Of the lines in the data below, write out exactly those from the one holding "TV Unser Original" through the one holding "Lc80 Crawler Full", both included.

··· Source data

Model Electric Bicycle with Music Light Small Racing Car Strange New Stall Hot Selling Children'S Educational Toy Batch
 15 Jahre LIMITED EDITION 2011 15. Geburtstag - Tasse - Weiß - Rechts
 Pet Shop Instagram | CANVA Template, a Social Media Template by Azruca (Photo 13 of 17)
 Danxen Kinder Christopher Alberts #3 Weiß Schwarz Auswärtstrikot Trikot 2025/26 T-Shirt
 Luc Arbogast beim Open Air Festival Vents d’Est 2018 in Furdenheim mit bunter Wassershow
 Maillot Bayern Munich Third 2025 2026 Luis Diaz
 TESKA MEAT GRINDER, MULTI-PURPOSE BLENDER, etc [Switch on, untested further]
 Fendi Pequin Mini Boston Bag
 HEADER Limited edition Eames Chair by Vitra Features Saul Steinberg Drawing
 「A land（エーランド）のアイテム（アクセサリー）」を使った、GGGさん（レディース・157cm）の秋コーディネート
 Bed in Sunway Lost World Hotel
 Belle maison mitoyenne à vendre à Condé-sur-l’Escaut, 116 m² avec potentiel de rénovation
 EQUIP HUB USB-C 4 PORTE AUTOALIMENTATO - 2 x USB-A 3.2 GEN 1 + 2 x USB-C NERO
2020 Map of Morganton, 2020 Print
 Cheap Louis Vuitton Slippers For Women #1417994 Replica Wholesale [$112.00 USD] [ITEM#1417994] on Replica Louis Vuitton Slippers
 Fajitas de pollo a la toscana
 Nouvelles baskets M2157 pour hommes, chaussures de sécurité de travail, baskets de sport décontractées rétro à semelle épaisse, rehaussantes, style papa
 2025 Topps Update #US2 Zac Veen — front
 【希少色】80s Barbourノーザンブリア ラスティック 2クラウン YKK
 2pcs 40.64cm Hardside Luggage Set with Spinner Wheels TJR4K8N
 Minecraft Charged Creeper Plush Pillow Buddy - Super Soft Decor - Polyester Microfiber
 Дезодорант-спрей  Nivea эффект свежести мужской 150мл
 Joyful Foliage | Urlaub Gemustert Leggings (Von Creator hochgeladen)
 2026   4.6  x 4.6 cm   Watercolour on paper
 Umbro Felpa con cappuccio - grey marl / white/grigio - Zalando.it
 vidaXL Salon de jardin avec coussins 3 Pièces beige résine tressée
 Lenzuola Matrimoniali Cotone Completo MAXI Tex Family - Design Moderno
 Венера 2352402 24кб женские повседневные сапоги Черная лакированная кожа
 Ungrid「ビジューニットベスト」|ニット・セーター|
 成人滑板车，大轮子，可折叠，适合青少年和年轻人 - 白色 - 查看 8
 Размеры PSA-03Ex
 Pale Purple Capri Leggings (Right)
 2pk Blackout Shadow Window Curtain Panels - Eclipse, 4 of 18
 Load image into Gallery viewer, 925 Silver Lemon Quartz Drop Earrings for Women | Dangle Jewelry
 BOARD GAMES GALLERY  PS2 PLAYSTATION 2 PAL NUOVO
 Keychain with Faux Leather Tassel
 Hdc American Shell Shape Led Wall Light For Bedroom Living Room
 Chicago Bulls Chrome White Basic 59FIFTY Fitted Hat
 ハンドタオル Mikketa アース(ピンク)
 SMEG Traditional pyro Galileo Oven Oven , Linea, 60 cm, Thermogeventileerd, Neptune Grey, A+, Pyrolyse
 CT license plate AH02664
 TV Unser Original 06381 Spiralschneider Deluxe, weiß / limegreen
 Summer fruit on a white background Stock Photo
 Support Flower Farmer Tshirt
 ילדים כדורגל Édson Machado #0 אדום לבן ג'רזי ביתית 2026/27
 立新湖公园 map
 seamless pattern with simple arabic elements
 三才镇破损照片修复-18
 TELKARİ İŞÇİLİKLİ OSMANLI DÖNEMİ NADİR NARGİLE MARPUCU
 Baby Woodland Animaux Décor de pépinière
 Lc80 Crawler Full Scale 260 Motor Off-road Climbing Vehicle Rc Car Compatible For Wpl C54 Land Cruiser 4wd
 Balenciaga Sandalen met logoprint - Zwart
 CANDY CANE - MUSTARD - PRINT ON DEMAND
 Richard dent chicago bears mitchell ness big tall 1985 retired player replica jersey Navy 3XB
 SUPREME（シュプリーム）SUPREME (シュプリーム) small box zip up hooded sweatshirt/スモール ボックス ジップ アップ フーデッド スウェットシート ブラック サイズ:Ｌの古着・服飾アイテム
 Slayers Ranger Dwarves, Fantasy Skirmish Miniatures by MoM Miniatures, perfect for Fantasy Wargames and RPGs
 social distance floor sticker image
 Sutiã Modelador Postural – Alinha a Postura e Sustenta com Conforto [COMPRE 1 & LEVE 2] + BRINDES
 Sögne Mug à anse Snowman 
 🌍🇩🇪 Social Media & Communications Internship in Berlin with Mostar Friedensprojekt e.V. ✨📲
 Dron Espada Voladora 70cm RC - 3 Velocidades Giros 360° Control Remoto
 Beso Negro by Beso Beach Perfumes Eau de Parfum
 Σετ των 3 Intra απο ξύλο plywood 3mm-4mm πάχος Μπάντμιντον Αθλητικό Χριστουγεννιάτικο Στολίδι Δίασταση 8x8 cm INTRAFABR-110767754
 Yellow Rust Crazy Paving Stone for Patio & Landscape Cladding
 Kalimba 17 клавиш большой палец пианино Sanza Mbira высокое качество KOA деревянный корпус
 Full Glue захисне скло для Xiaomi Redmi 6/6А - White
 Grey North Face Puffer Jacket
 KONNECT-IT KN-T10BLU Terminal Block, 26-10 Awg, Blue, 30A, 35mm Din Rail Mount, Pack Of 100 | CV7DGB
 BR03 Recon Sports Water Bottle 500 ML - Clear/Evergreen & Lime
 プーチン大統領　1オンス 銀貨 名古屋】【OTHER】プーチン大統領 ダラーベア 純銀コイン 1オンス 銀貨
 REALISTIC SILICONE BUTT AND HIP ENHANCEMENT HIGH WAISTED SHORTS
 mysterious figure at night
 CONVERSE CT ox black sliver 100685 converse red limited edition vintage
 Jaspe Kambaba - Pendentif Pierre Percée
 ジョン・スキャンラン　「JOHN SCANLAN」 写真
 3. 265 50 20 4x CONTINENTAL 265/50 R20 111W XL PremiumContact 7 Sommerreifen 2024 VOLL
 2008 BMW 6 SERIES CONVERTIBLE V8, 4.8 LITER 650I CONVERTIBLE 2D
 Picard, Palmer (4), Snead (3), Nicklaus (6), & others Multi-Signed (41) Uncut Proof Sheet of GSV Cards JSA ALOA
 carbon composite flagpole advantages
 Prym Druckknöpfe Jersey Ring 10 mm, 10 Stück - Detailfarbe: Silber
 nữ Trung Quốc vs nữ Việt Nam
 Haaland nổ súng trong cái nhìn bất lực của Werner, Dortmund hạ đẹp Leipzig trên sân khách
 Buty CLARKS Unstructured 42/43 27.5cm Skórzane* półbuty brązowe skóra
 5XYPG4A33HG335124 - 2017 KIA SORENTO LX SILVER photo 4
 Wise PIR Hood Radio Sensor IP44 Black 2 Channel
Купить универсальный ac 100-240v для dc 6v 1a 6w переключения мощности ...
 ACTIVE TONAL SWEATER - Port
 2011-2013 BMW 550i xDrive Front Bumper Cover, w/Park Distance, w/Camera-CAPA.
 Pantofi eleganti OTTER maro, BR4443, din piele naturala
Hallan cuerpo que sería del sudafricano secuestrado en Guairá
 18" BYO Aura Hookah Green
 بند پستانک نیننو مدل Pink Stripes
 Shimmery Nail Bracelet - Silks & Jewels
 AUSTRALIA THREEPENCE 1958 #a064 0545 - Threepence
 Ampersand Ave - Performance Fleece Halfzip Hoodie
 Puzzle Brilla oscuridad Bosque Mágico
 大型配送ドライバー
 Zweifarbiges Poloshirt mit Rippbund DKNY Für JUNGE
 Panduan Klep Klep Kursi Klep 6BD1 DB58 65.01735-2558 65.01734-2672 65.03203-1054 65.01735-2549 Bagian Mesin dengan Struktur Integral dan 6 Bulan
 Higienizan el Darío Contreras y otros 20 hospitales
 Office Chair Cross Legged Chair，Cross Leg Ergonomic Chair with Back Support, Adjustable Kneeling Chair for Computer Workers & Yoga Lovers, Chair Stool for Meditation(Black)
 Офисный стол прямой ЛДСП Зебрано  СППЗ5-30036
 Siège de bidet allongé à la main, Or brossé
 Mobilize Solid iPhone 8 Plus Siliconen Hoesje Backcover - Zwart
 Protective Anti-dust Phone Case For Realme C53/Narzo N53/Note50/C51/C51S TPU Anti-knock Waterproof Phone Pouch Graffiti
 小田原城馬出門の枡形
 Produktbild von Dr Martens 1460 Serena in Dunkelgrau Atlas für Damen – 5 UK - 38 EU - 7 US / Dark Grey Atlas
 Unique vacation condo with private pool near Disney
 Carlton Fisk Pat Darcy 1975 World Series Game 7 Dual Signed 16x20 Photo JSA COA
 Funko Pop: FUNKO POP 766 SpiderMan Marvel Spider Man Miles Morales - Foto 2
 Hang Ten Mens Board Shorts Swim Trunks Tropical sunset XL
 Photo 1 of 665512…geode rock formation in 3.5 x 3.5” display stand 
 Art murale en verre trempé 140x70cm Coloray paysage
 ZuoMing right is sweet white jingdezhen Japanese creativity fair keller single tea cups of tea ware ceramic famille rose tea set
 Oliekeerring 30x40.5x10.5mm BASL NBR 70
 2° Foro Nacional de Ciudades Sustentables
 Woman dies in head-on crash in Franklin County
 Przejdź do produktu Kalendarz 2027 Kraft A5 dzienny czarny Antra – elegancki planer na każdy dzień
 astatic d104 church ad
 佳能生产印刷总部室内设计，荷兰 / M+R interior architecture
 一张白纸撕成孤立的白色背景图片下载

······

## Answer to this problem
 TV Unser Original 06381 Spiralschneider Deluxe, weiß / limegreen
 Summer fruit on a white background Stock Photo
 Support Flower Farmer Tshirt
 ילדים כדורגל Édson Machado #0 אדום לבן ג'רזי ביתית 2026/27
 立新湖公园 map
 seamless pattern with simple arabic elements
 三才镇破损照片修复-18
 TELKARİ İŞÇİLİKLİ OSMANLI DÖNEMİ NADİR NARGİLE MARPUCU
 Baby Woodland Animaux Décor de pépinière
 Lc80 Crawler Full Scale 260 Motor Off-road Climbing Vehicle Rc Car Compatible For Wpl C54 Land Cruiser 4wd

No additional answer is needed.